[Opening Supplied data section]

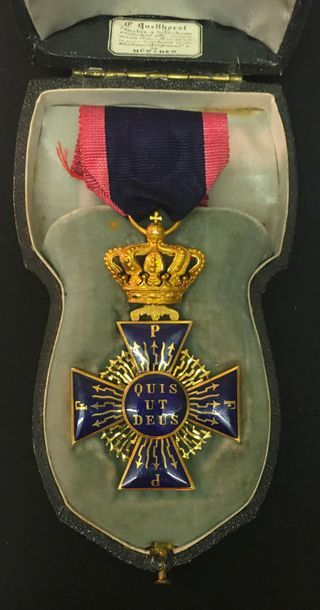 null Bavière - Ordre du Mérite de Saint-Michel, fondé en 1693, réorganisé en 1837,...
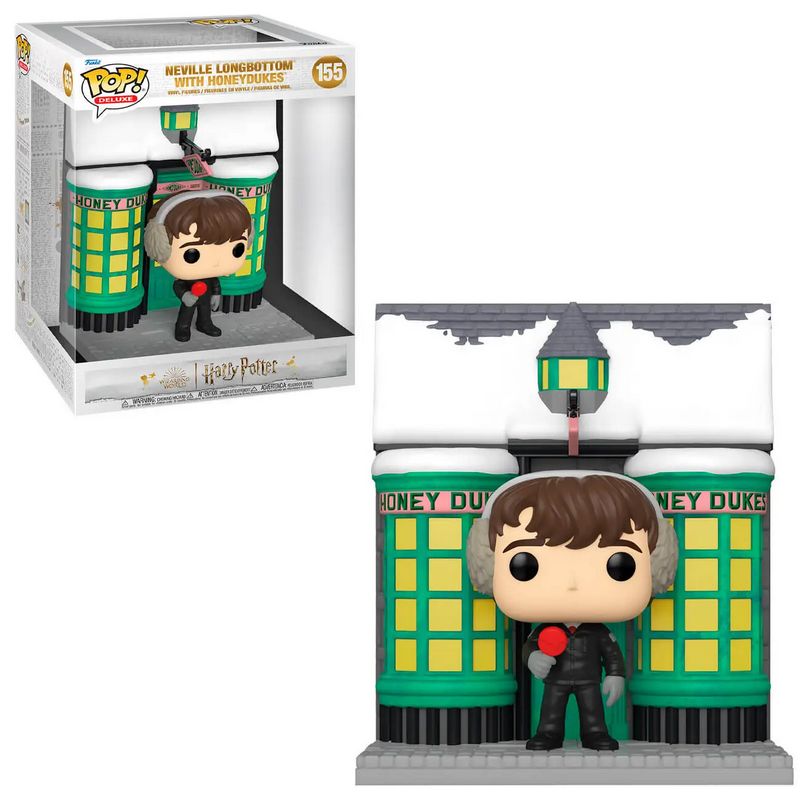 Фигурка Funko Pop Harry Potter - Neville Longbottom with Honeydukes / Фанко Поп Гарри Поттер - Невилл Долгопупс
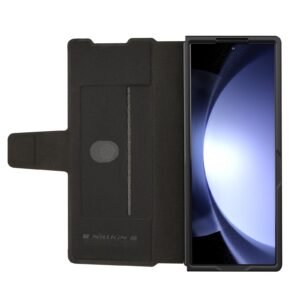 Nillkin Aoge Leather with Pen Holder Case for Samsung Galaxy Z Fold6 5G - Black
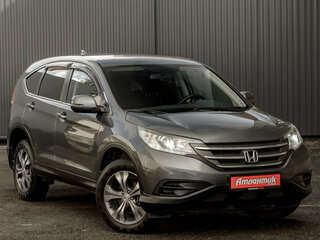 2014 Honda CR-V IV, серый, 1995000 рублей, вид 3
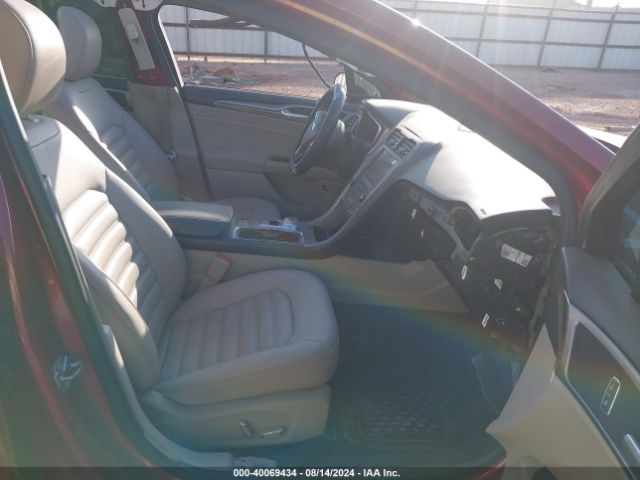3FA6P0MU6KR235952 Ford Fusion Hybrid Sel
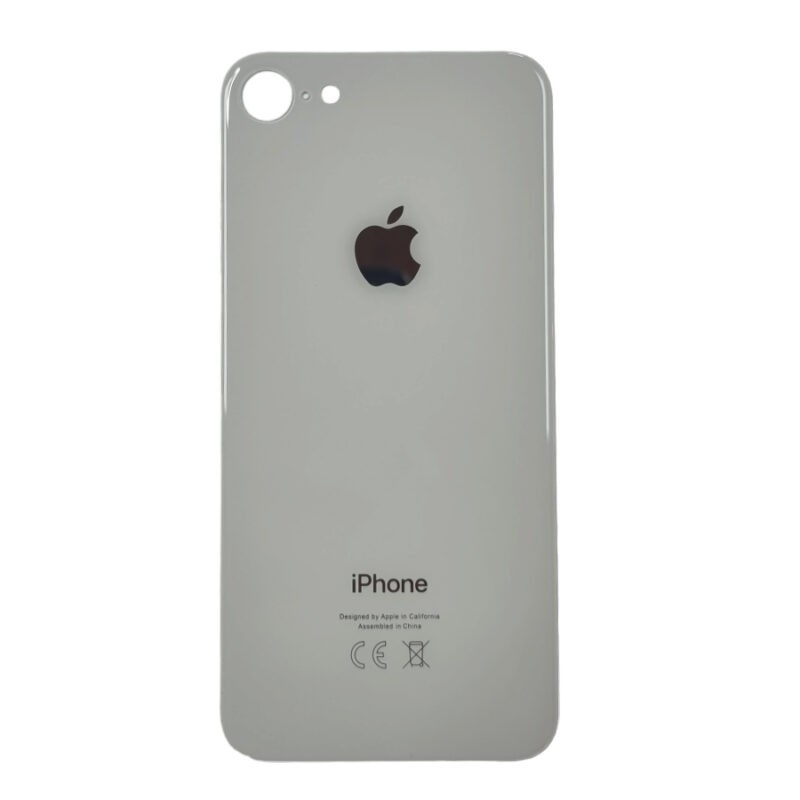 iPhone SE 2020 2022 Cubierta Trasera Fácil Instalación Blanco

[Closing Supplied data section]
[Opening Supplied data section]

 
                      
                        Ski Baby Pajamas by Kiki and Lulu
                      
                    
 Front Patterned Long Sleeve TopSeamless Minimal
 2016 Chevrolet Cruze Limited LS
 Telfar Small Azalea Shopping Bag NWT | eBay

[Closing Supplied data section]

Taking the entries above, extract every line from the one bearing "null Bavière - Ordre" through the one bearing "Nillkin Aoge Leather", exactly, with no pictures.

** The completed task **
 null Bavière - Ordre du Mérite de Saint-Michel, fondé en 1693, réorganisé en 1837,...
 Фигурка Funko Pop Harry Potter - Neville Longbottom with Honeydukes / Фанко Поп Гарри Поттер - Невилл Долгопупс
 Nillkin Aoge Leather with Pen Holder Case for Samsung Galaxy Z Fold6 5G - Black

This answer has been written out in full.